* Task item
Below are some records. Write out the line that contains "Custom shirt for 40" and all lines after it, exactly, but not the pictures.

Short descriptive text snippets:
####

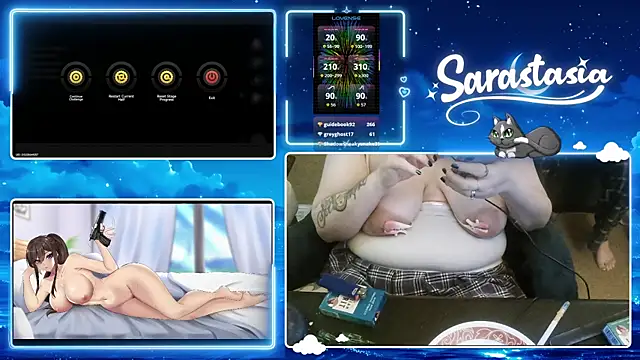 Sarastasia417 Obrolan Langsung XXX
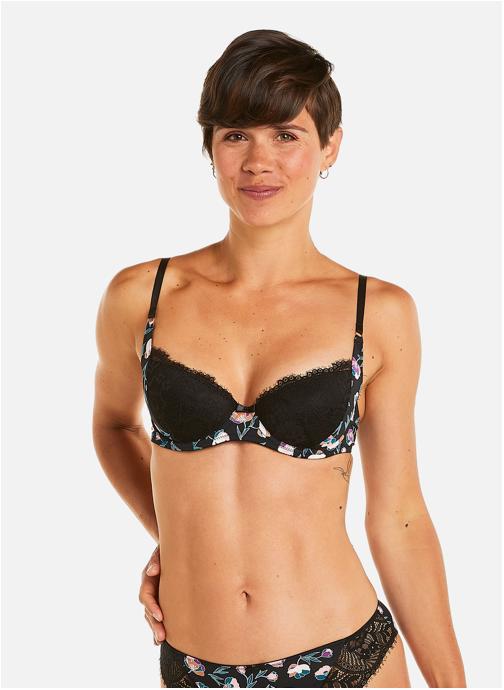 Pomm'Poire Brassières Soutien-gorge ampliforme coque moulée noir Impériale femme noir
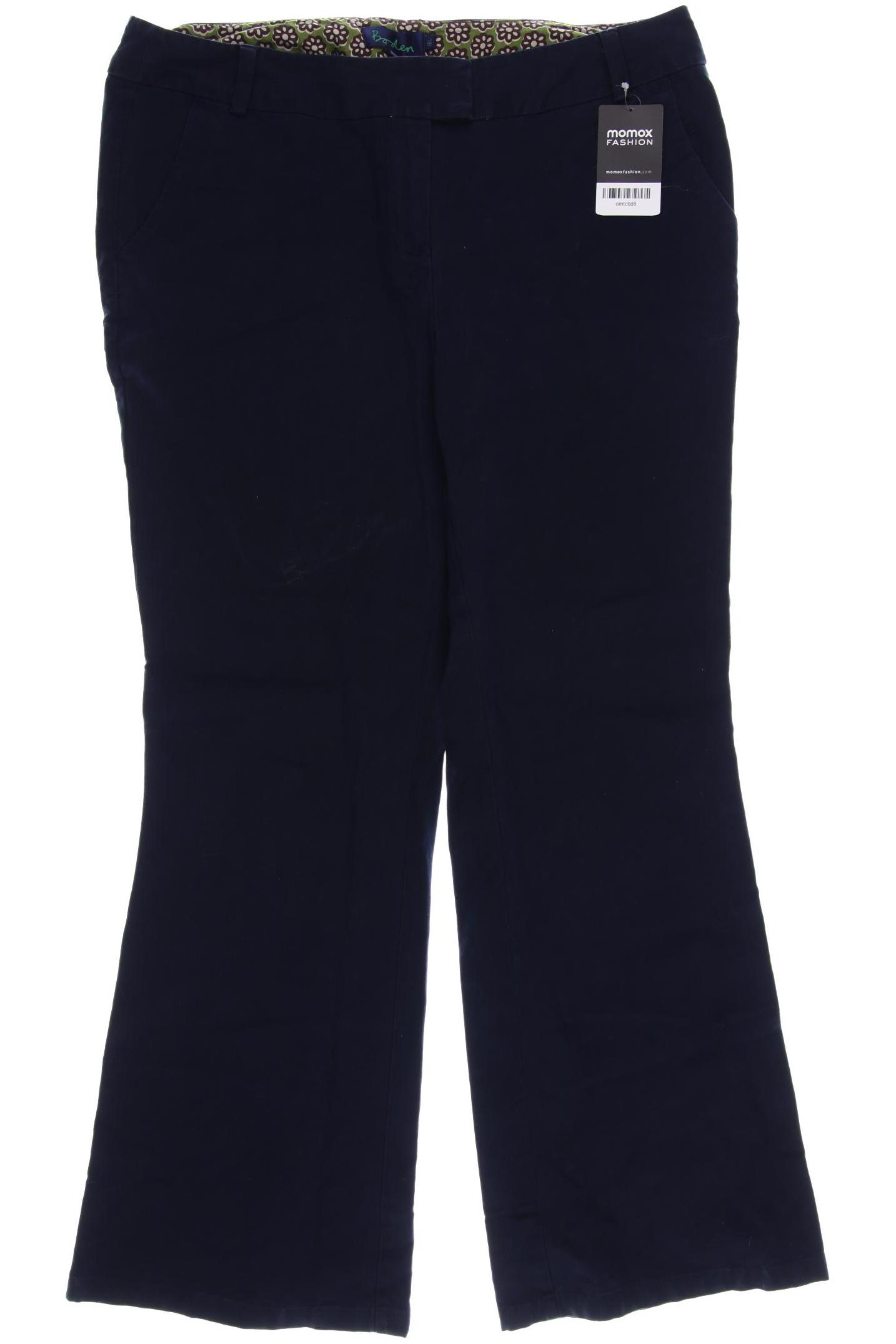 

Boden Damen Stoffhose, marineblau, Gr. 16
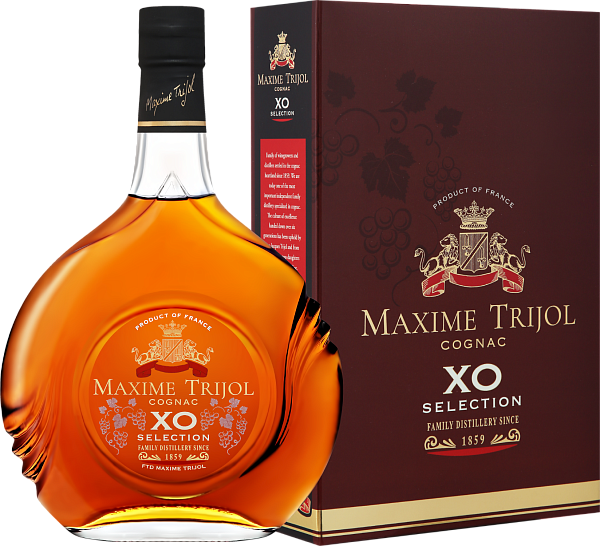 Maxime Trijol Cognac XO Selection (gift box), 0.7 л в Екатеринбурге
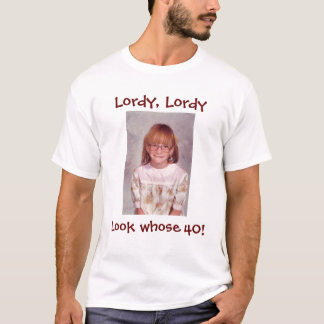 Custom shirt for 40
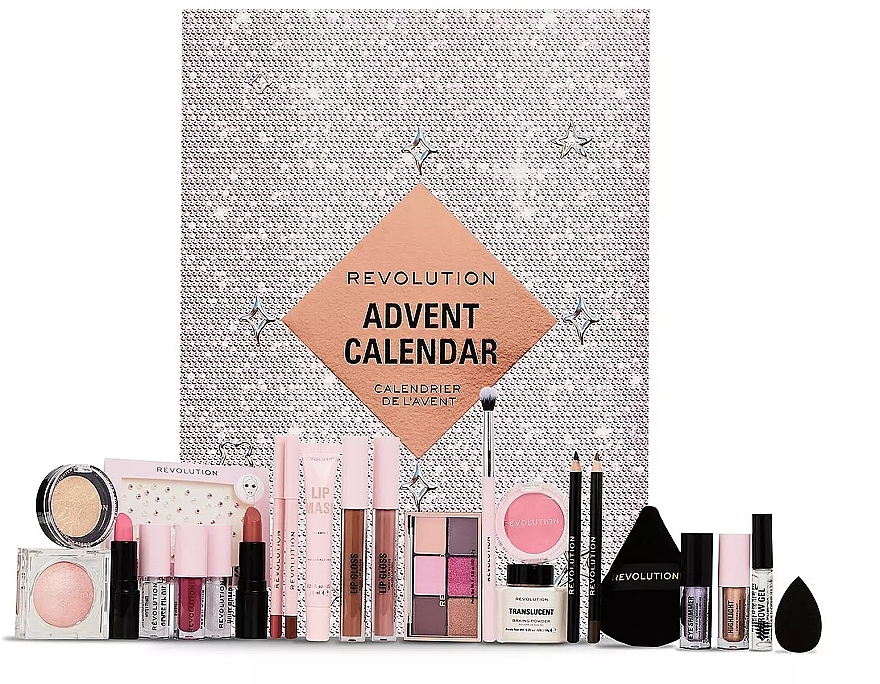 Adventskalender 24 Produkte  - Makeup Revolution Advent Calendar 2024  — Bild N1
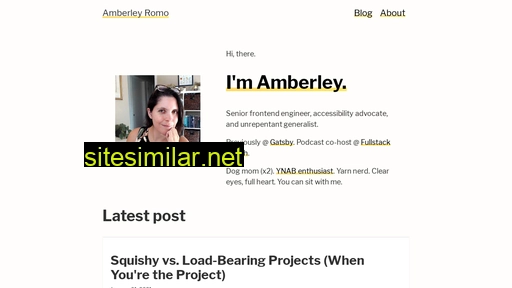 amberley.dev alternative sites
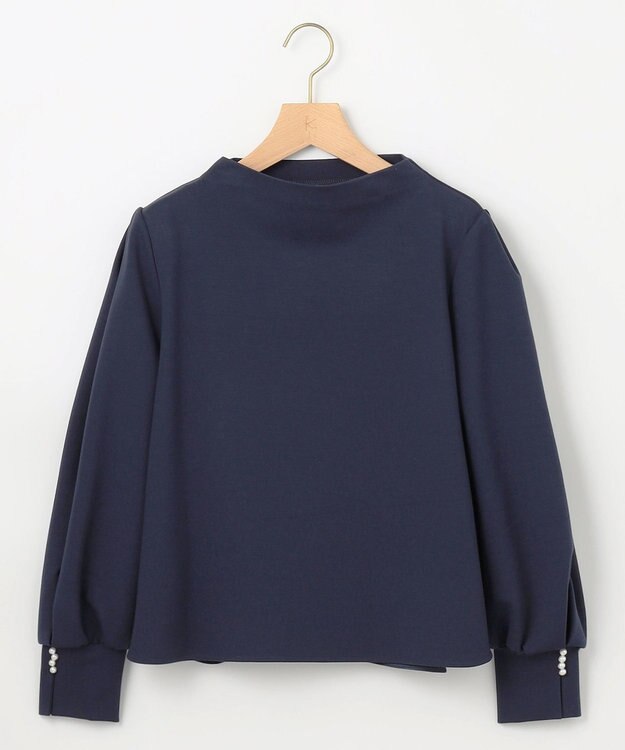 組曲 【WEB限定・2SET】ポンチトップス×プリーツスカートセットアップ ネイビー×ブルー系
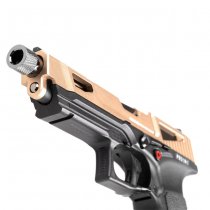 G&G GTP 9 MS Co2 Blow Back Pistol - Desert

####

* Solution for this task
 Custom shirt for 40
 Adventskalender 24 Produkte  - Makeup Revolution Advent Calendar 2024  — Bild N1
 amberley.dev alternative sites
 組曲 【WEB限定・2SET】ポンチトップス×プリーツスカートセットアップ ネイビー×ブルー系
 G&G GTP 9 MS Co2 Blow Back Pistol - Desert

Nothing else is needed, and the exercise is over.